Vi parlavo dei casi di terrorismo: dopo anni dalla presa in carico - anni preparatori perché il percorso, il tempo di riflessione, di responsabilizzazione non è quello delle udienze o del fine pena, ma è il tempo della responsabilizzazione reale, il tempo della maturazione di un sentire sincero e non strumentale - abbiamo fatto fare degli incontri con vittime aspecifiche, con soggetti appartenenti alle associazioni di vittime delle stragi terroristiche, che si sono resi disponibili per incontrare le persone da noi proposte.

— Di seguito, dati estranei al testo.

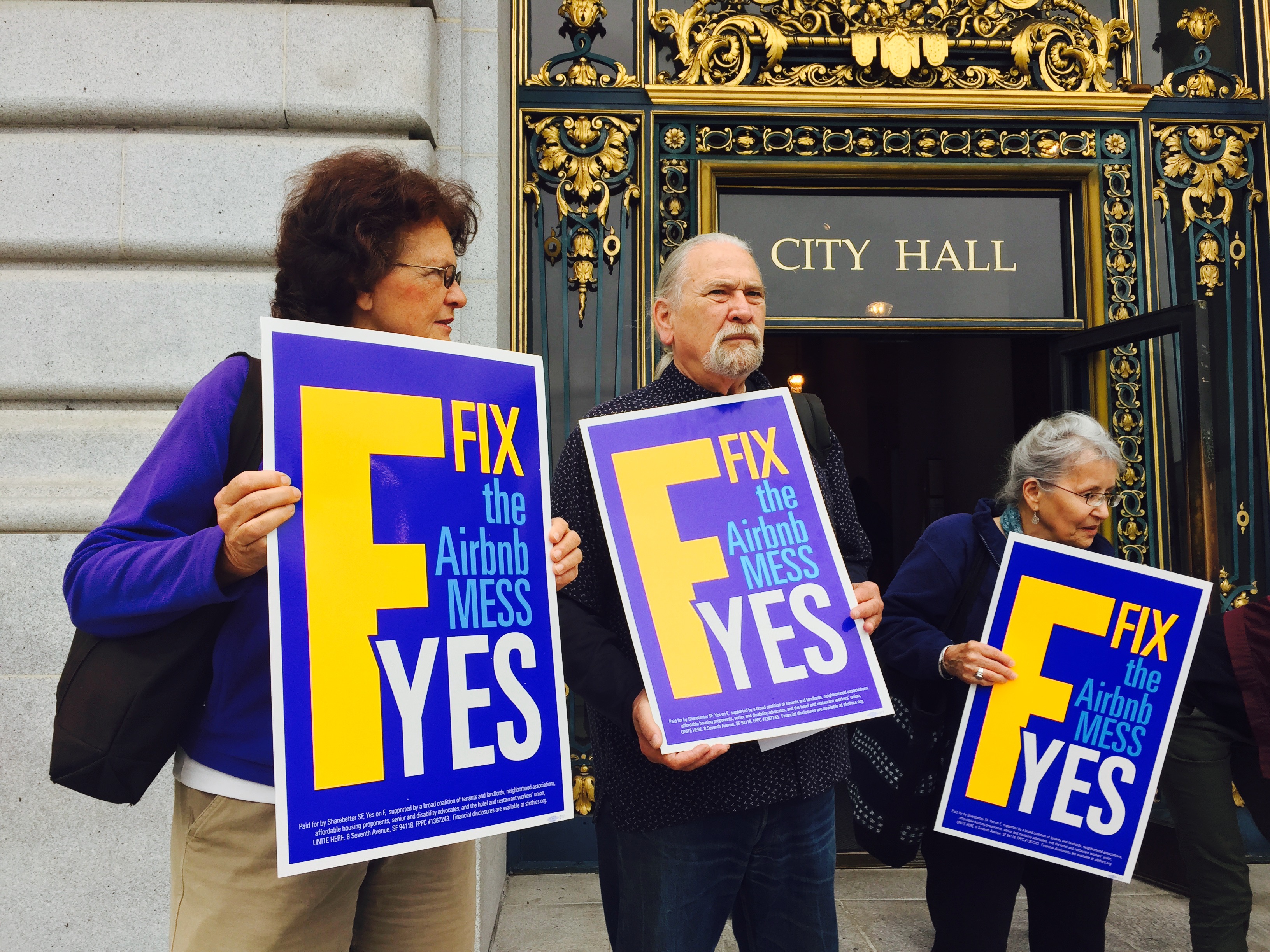 Supporters of a proposition that would place stricter limits on how often residents can rent out homes or rooms on Airbnb stand on the steps of San Francisco's city hall on Sept. 30, 2015.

Ebbene, attraverso questi incontri talune delle vittime hanno sentito il bisogno di incontrare, poi, il “loro” reo.

Diciamo che è un cammino, direi, camminiamo sui vetri, camminiamo in un equilibrio e con una responsabilità assolutamente grandissima, perché, veramente, non si deve turbare, vittimizzare ancora una volta, chi ha subito un danno irreparabile. Però, credo che i risultati di questi primi casi su cui stiamo lavorando servano per dare un segno di possibilità, di nuova prospettiva anche per l’esecuzione della pena.

Cominciamo anche noi operatori a pensare in maniera diversa, cominciamo a pensare in maniera prospettica anche noi, cominciamo a pensare non solo a un reinserimento, così come dice la Costituzione e la legge, che poi spesso si riduce a un reinserimento nell’ambiente di provenienza, senza che sia intervenuto un cambiamento soggettivo o oggettivo di significato.

E, secondo me, l’elemento della responsabilizzazione diventa l’elemento di novità: la riscoperta dell’altro diventa l’elemento di novità.

Questo è quello che vi posso dire in questo poco tempo, aggiungendo che questa esperienza prudente di percorsi riparativi è resa possibile soltanto in virtù della collaborazione col mondo dei mediatori, i mediatori penali, questi mediatori che mi hanno dato una disponibilità gratuita a fare questa sperimentazione. Sono soggetti solitamente provenienti dall’esperienza minorile, e che vado contattando di volta in volta a seconda del territorio dove mi viene proposto il caso.

È chiaramente una sperimentazione delicata, e ce ne rendiamo conto, però credo che bisogna avere il coraggio di osare, lavorando, nel contempo, sul piano delle norme e dei regolamenti.

Io credo che tutto quello che ci siamo detti oggi, tutto quello che ciascuno di noi fa, sotto diversi punti di vista, fa crescere, comunque, in tutti noi la certezza di parlare con onestà, di parlare con verità, con impegno professionale, supportati dall’impegno personale di tutti quelli che sono stati qui con noi.